> _WHAT IS REQUIRED_:
Find the line with "ジュネーゼグラン上本町" in the entries below, then output every line from it down to the line with "Top 1 Toys Boek", exactly and with no pictures.

(MATERIAL PROVIDED Opens)

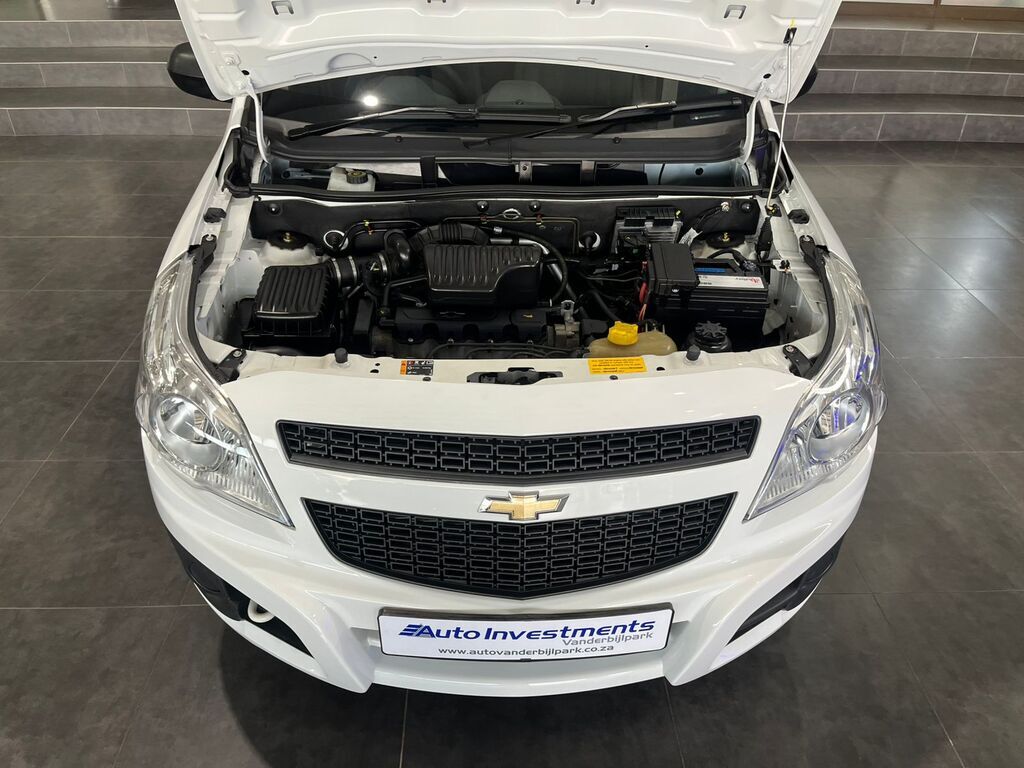 CHEVROLET UTILITY UTILITY 1.4 CLUB P/U S/C - 15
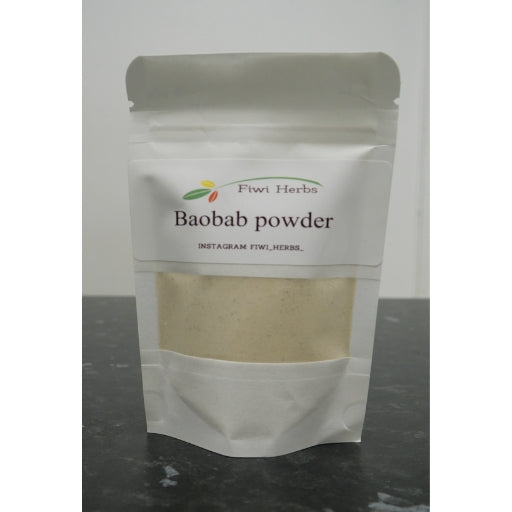 Baobab Powder (Adansonia Digitata)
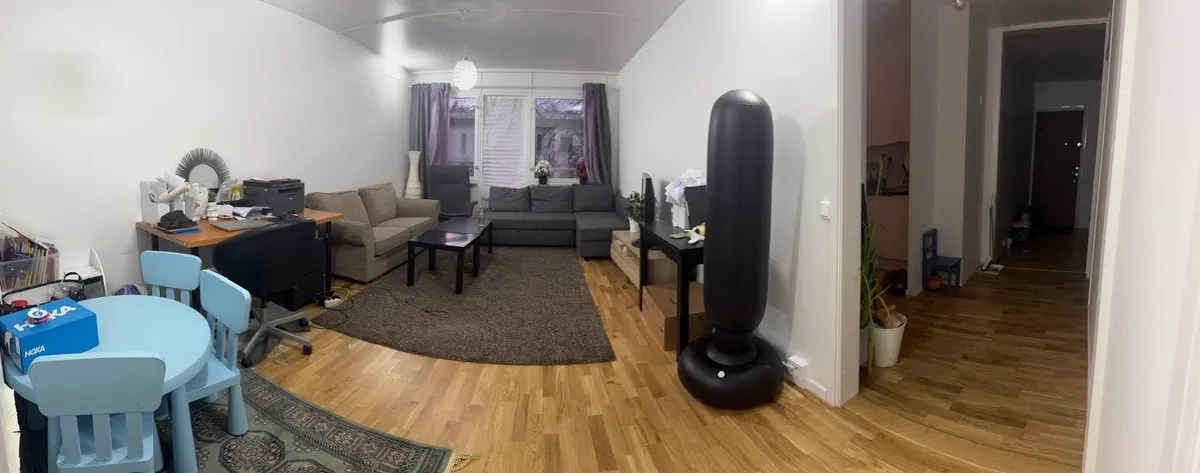 Hyreslägenhet på Jordbro i jordbro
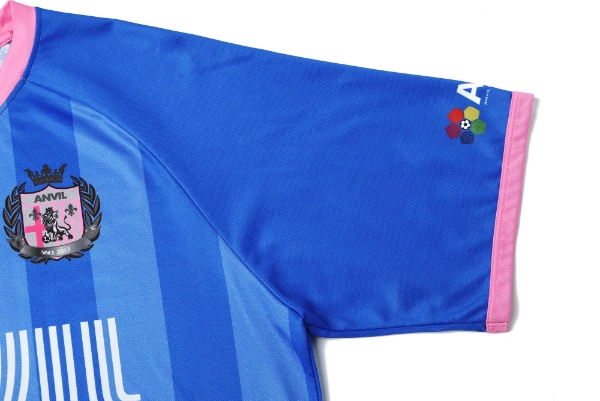 Discover Custom Jersey Store Football Shirt Maker Uniforms Soccer Jersey Kits Sublimation Soccer Wear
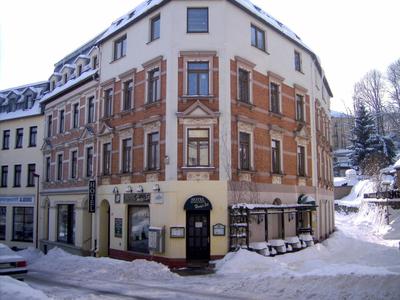 Pension Hotel Turmblick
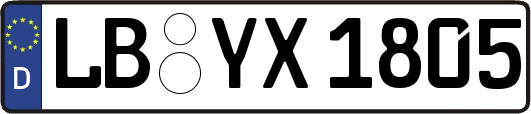 LB-YX1805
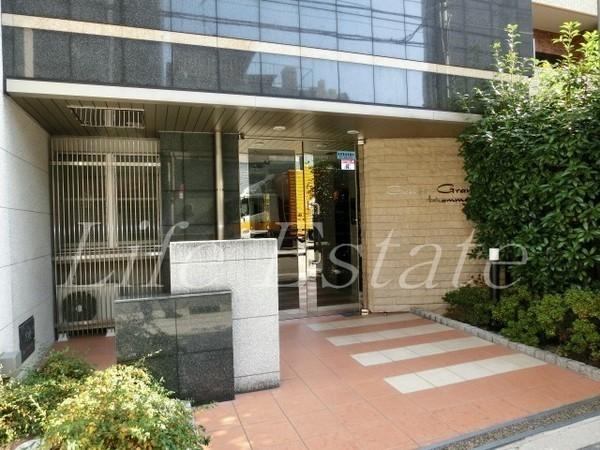 ジュネーゼグラン上本町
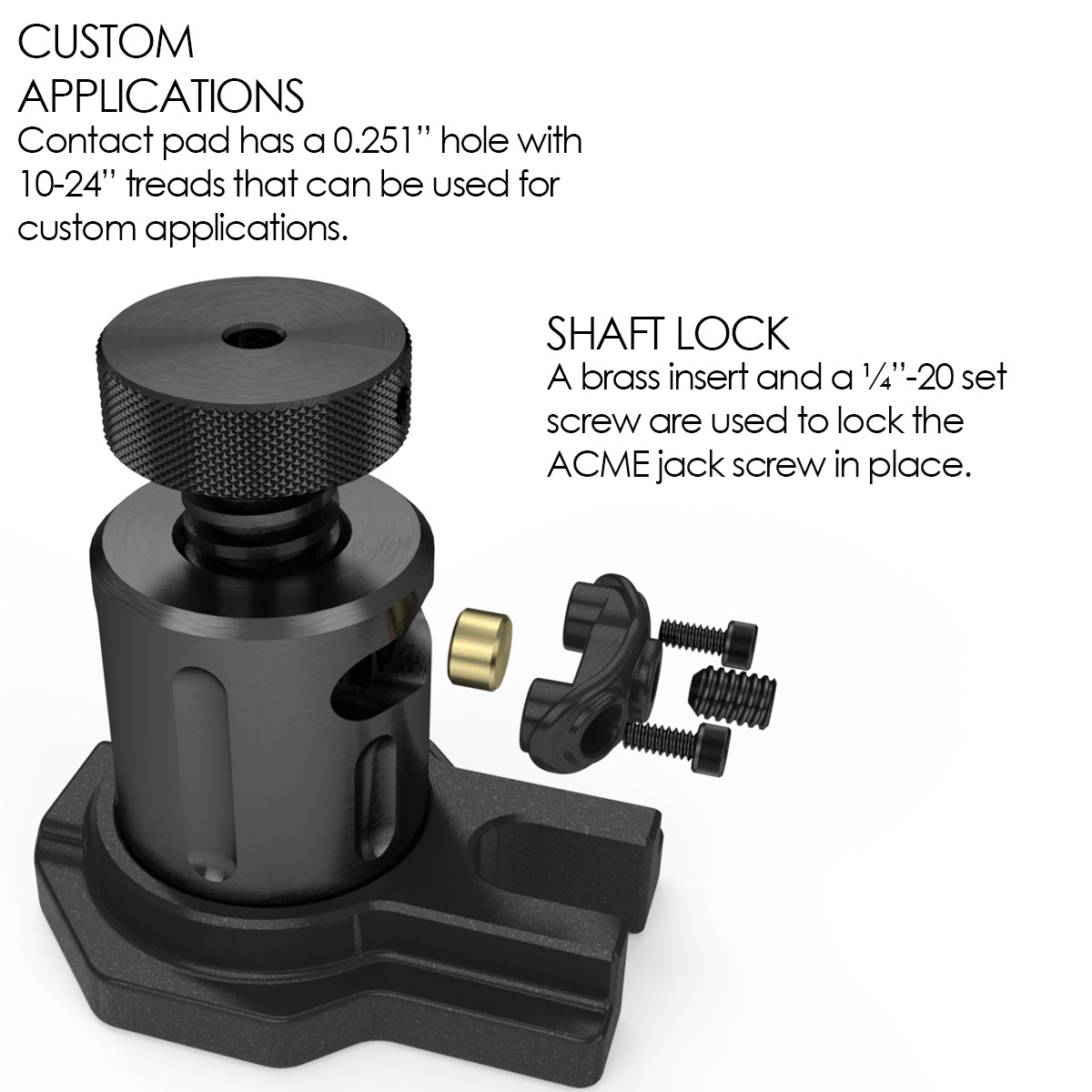 Machinist Jack by Edge Technology #63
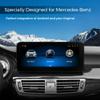 XTRONS 10.25 Inch Android 13 Car Stereo for Mercedes Benz CLS-Class C218/W218 Sedan (2010-2012) NTG4.0, IPS HD Screen 8+128GB Global 4G Car Radio GPS Navigation Support Wireless CarPlay Android Auto view 3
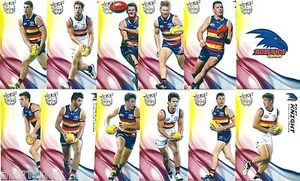 2016 Select Certified ADELAIDE Team Set - Picture 1 of 1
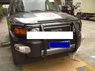 Экспедиционный металлический бампер (силовой) Toyota FJ Cruiser
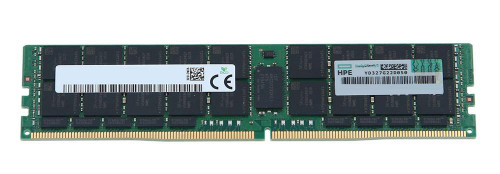 P00930-H21-AM HPE 64GB PC4-23400 DDR4-2933MHz Registered ECC CL21 288-Pin DIMM 1.2V Dual Rank Memory Module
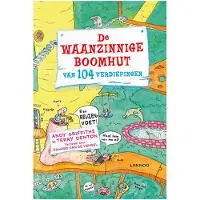 Top 1 Toys Boek De Waanzinnige Boomhut Van 104 Verdiepingen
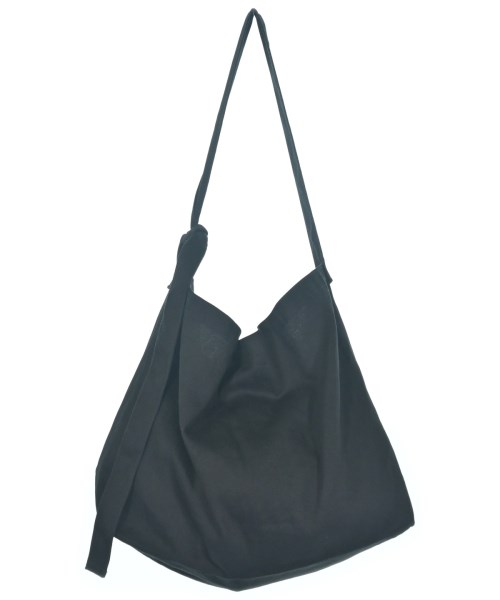 ANN DEMEULEMEESTER（アンドゥムルメステール）ショルダーバッグ 黒 サイズ:- メンズ/2200672509575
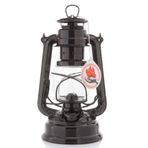 Feuerhand Hurricane Lantern 276 Siyah Gemici Feneri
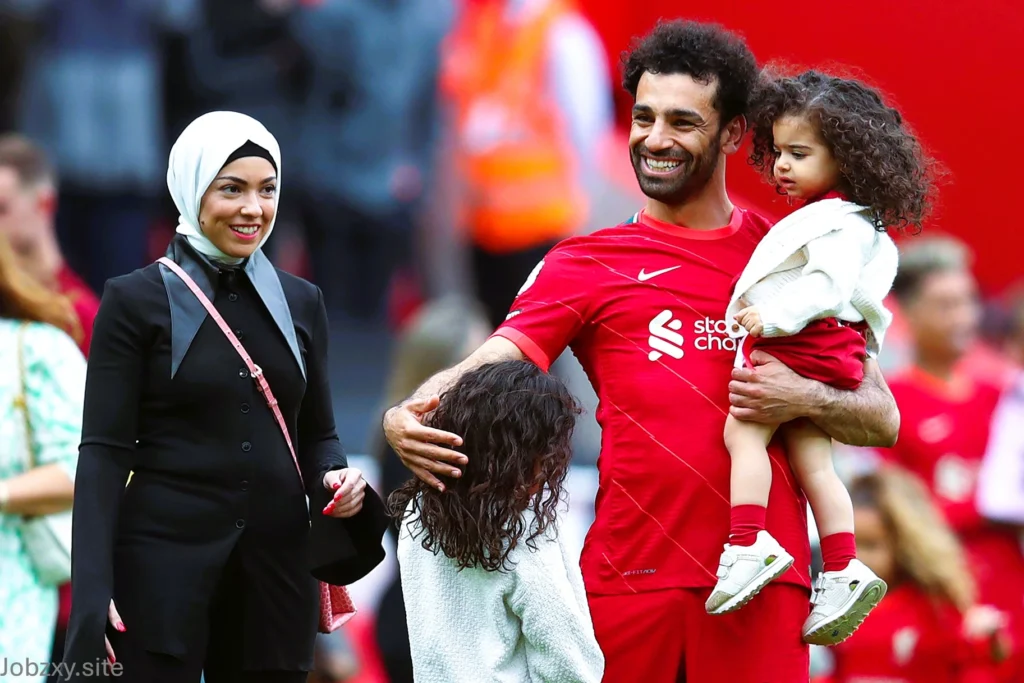 Mohamed Salah Net Worth 2025: Age, Family, And His Personal Life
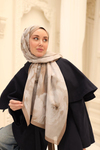 Silk Home Nariya Şal - 90006 - Bej
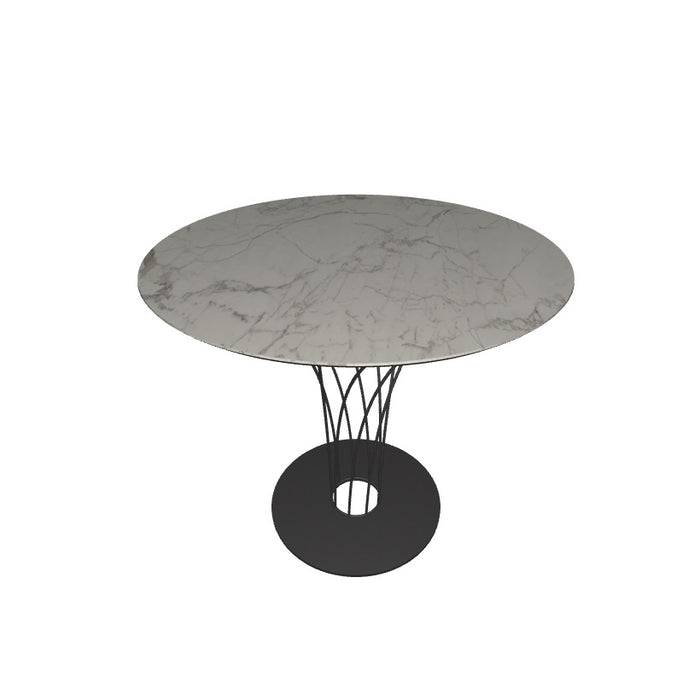 CATTELAN NIDO Keramik Bistrot Table - MyConcept Hong Kong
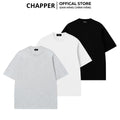 Áo thun Chống Nhăn CHAPPER bản Nâng Cấp, form Regular, chất liệu áo GOLF co giãn 4 chiều, nhẹ, khô nhanh, bền màu - APCP032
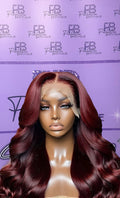 Magenta Body wave unit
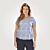 Damen T-Shirt aus Baumwoll-Modal-Mix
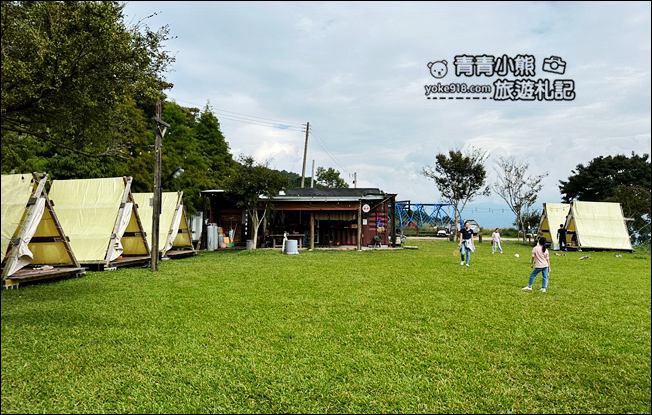 苗栗景點》琉璃秋境懶人野餐放空去~大草皮.帳篷,手工窯烤批薩好美味 @青青小熊*旅遊札記 苗栗景點》琉璃秋境懶人野餐放空去~大草皮.帳篷,手工窯烤批薩好美味 @青青小熊*旅遊札記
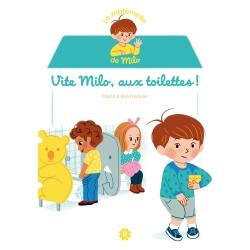 Emprunter Vite Milo, aux toilettes ! livre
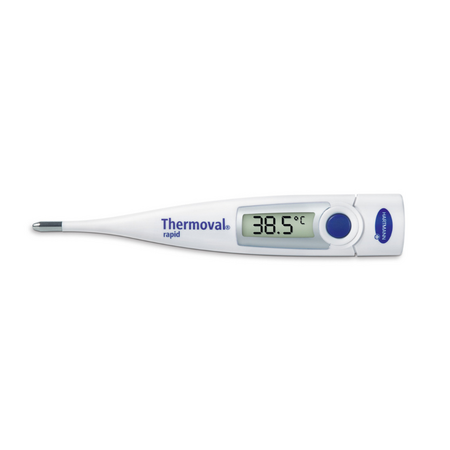 Termometru digital cu masurare in 10 secunde Thermoval, Hartmann 694579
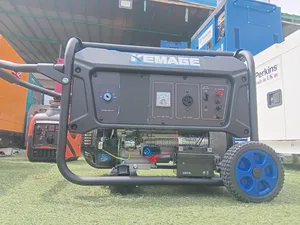 Kemage 7.5KVA Portable Generator – Easy to Move and Convenient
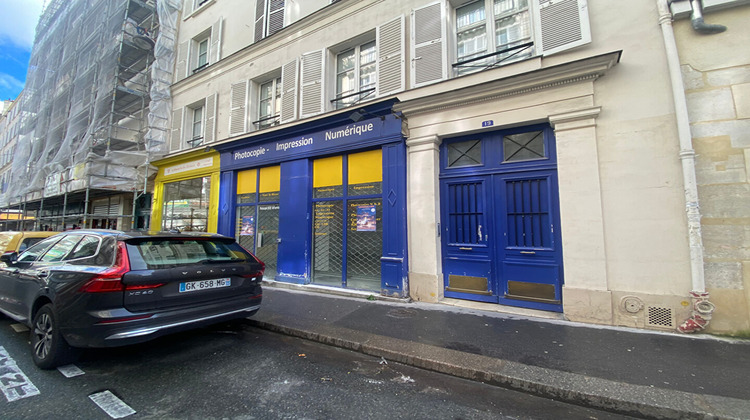 Ma-Cabane - Location Local commercial PARIS 5, 29 m²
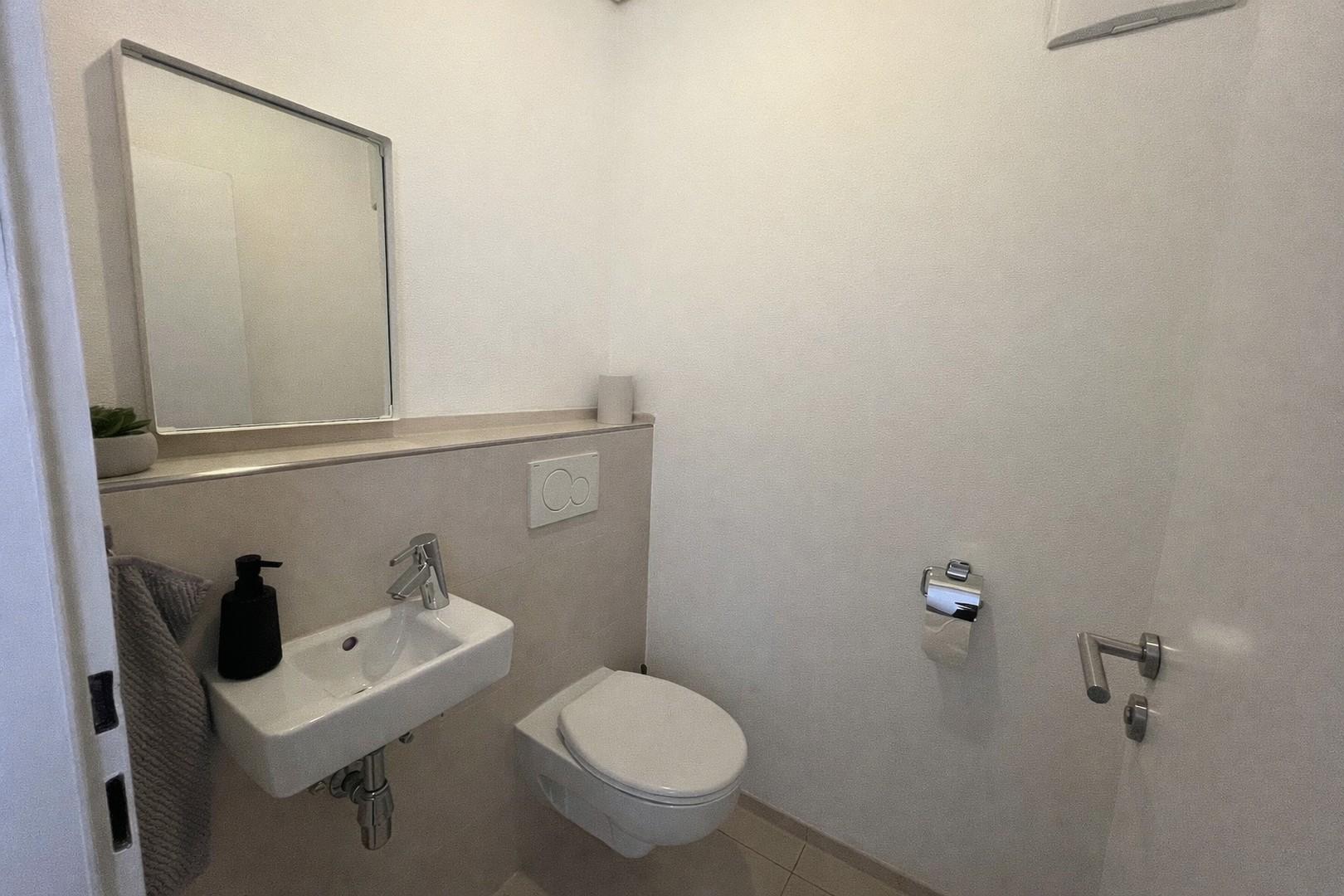 Gäste-WC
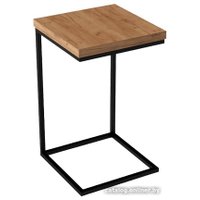 Журнальный столик Weldhouse LOFT Гонконг (дуб золотой крафт)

(MATERIAL PROVIDED Closes)

> _YOUR SOLUTION_:
 ジュネーゼグラン上本町
 Machinist Jack by Edge Technology #63
 XTRONS 10.25 Inch Android 13 Car Stereo for Mercedes Benz CLS-Class C218/W218 Sedan (2010-2012) NTG4.0, IPS HD Screen 8+128GB Global 4G Car Radio GPS Navigation Support Wireless CarPlay Android Auto view 3
 2016 Select Certified ADELAIDE Team Set - Picture 1 of 1
 Экспедиционный металлический бампер (силовой) Toyota FJ Cruiser
 P00930-H21-AM HPE 64GB PC4-23400 DDR4-2933MHz Registered ECC CL21 288-Pin DIMM 1.2V Dual Rank Memory Module
 Top 1 Toys Boek De Waanzinnige Boomhut Van 104 Verdiepingen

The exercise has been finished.